Concernant les pays du CCG, l’activité hors hydrocarbures devrait rester le principal moteur de la croissance au cours des prochaines années. Les réductions délibérées de la production de pétrole constitueraient un frein temporaire à la croissance cette année encore. Par conséquent, les
projections de croissance des membres du CCG ont été révisées à la baisse de 1,3 point de pourcentage depuis octobre et s’élèvent désormais à 2,4% pour 2024. Quant aux pays exportateurs de pétrole non membres du CCG, leurs projections de croissance ont été portées à 3,3% en 2024, soit un relèvement de 0,3 point de pourcentage depuis octobre. Cet ajustement tient notamment à une production de pétrole supérieure aux prévisions en Libye.
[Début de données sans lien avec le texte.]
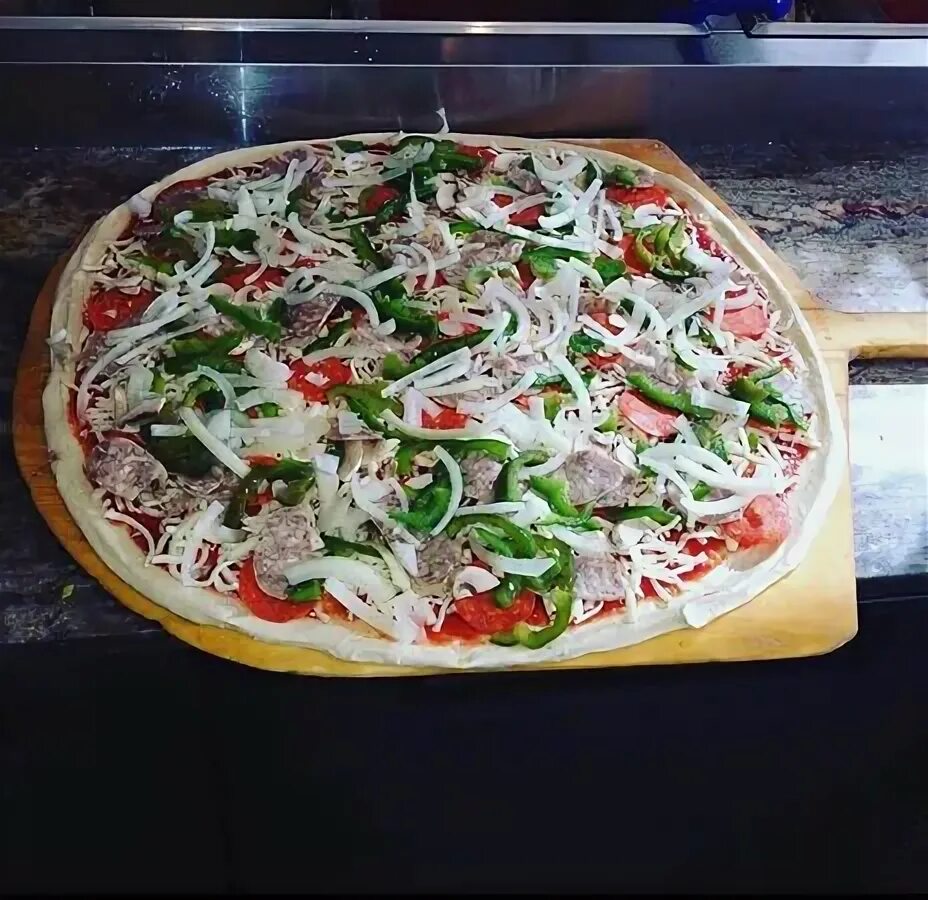Пиццарица ул карла маркса 40а фото DOWNTOWN PIZZA, Lake Worth - Restaurant Reviews, Photos & Phone Number - Tripadv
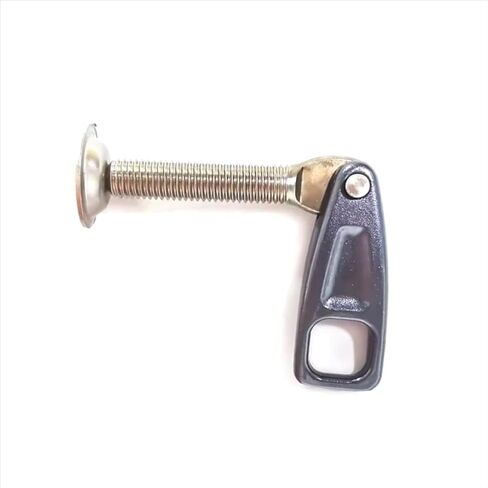 Boat Transom Clamp Assy 2 Sets L10A 663-43118-01-8D Compatible with 40HP E40G Outboard Motor 6F5-43116-00 6F5-43114-00 in Kuwait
Croissance économique : un rebond attendu dans le monde arabe en 2025
Pour 2025, le FMI table sur un rebond de la croissance dans le monde arabe à 4,5% tiré notamment par les pays exportateurs de gaz et de pétrole (+4,8%).
Le rapport souligne enfin des recommandations. Dans un contexte marqué par de multiples défis et une incertitude accrue, en particulier dans la région MENA, le dosage adéquat des politiques dépendra des conditions propres à chaque pays. Globalement, le FMI recommande, au niveau de la politique monétaire, de maintenir l’accent sur la stabilité des prix. Il préconise aussi une approche sur mesure pour assurer la viabilité de la politique budgétaire. En outre, l’Institution souligne que les réformes structurelles sont essentielles pour rehausser les perspectives de croissance à moyen et long terme. «Dans un contexte d’incertitude élevée, il est fondamental que les pays appliquent des réformes visant à renforcer leurs facteurs économiques de base (notamment en améliorant la gouvernance, dont celle des banques centrales). En outre, les pays peuvent saisir de nouvelles opportunités économiques sur fond de reconfiguration des échanges commerciaux en réduisant les obstacles aux échanges, en diversifiant les produits et les marchés et en améliorant leurs infrastructures», résume le FMI.